The committee is working to revise the American Society of Mechanical Engineer's (ASME) B46.1-1995 Surface Texture standard. The group has added chapters to reflect the explosion of new surface measuring equipment and analysis methods. The standard should be published in about a year.

"The ASME surface metrology standards are really providing a tool box," says committee chairman Mark Malburg, Ph.D., of Digital Metrology Solutions (Columbus, IN). "It keeps all the tools in it. Here are all the different measuring methods. Here are all the difference parameters. We are just constantly building on the tool box."

More knowledge needed
The strength of the current document, and more so in the revised version, is its educational components. It describes a number of equipment and methods, and how they can be used to analyze surfaces.

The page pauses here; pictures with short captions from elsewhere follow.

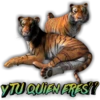 #14 memes variados 8
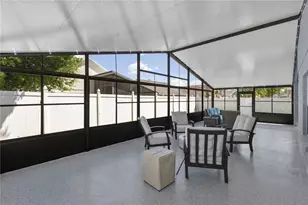 107 Thornbury Ln, Kissimmee, FL 34744 - Photo 22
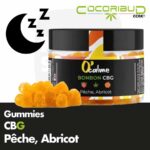 Cocorikush-Gummies-CBG-ocalme-majorsmoker.com bonbon cbd, bonbon cbg, gummies cbd, gummies cbg, gummie cbd, gummie cbn, cbg bonbon, cbd bonbon, bonbon cbd pas cher, cbg vs cbd, cbd vs cbn, cbg vs cbn, cbg bonbon prix, achat bonbon cbg, gummies cbg prix, effets cbg, effet cbg, cbg effets, cbg effet,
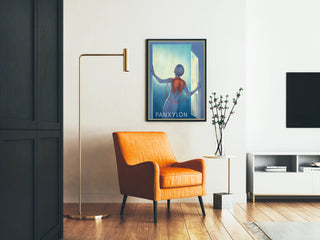 panxylon-2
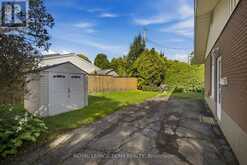 2587 ROMAN AVENUE | Ottawa Ontario | Slide Image Twenty-seven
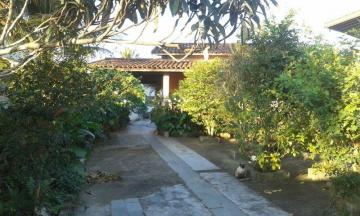 imagem 1 - Casa à Venda - Excelente Localização Próxima à Praia. imagem 1 - Casa à Venda - Excelente Localização Próxima à Praia.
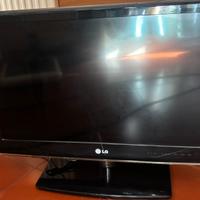 Televisore LG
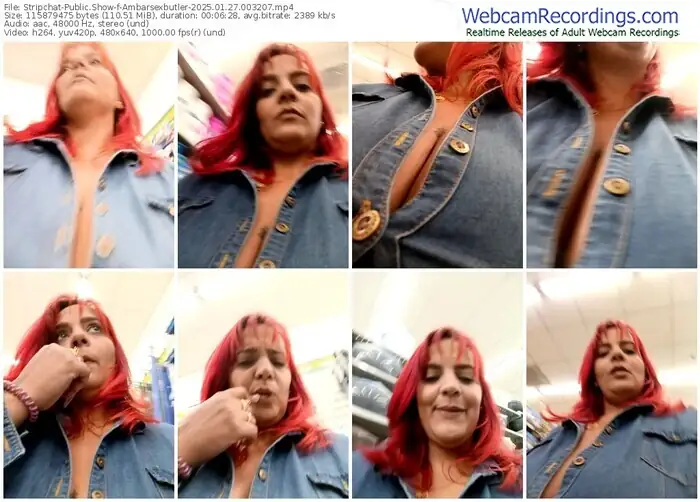 2025/01/27/stripchat-ambarsexbutler-00-32-07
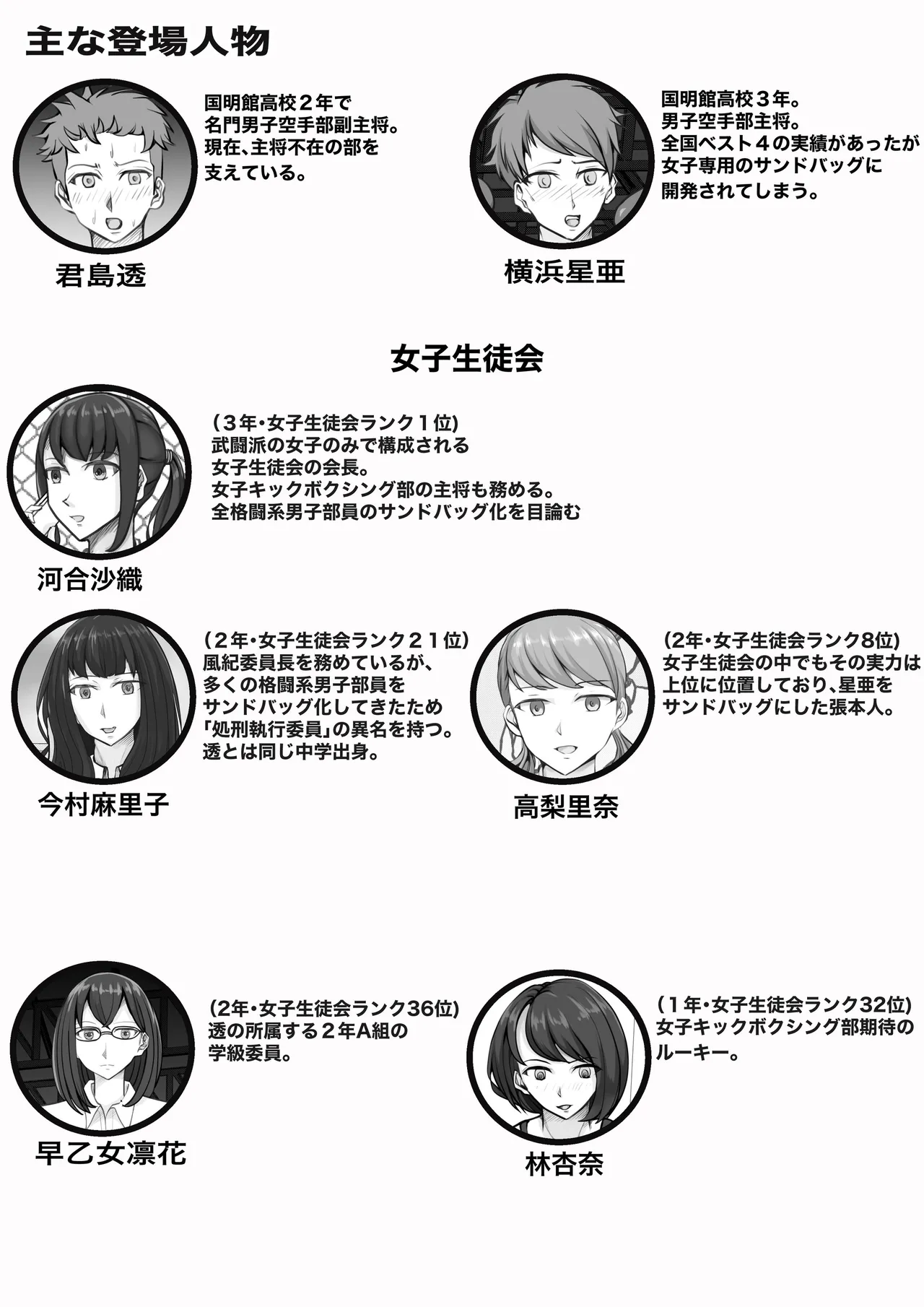 Preview page 2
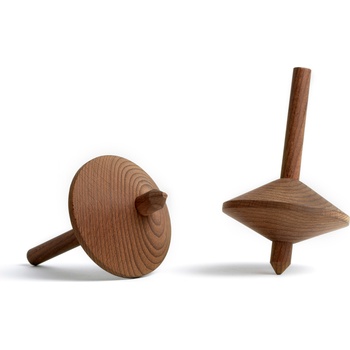 tre Пумпал Simple (SST29WTB)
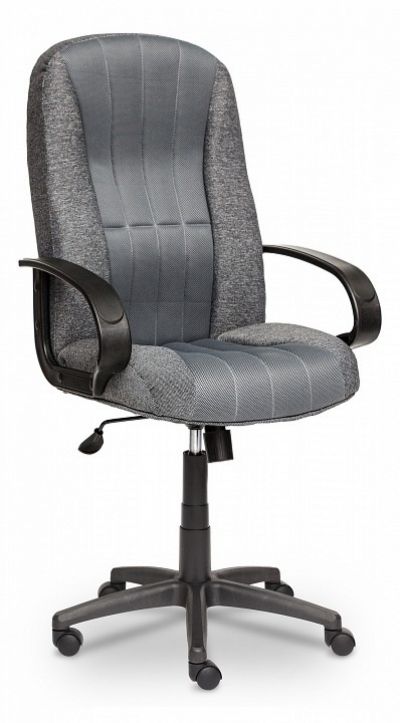 Кресло компьютерное СH833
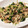 がちゃ29's cooksnap of when they made 豚肉の小松菜とえのき茸の焼肉のタレ炒め♪.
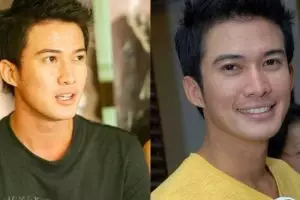 4 Fakta terbaru kasus Mandala Shoji yang menyerahkan diri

"The B46 standard has in it not only the actual standard -- the typical things to do when you think of measurement -- but there is a lot of tutorial information for educating people in surface metrology," says Donald Cohen, Ph.D., of Michigan Metrology (Livonia, MI). Cohen is also vice chair of the B46 committee. "If you go to a library, it would be hard to find a good set of books on surface metrology that could help you figure it all out. B46 pulls it all together in a really nice, tutorial way."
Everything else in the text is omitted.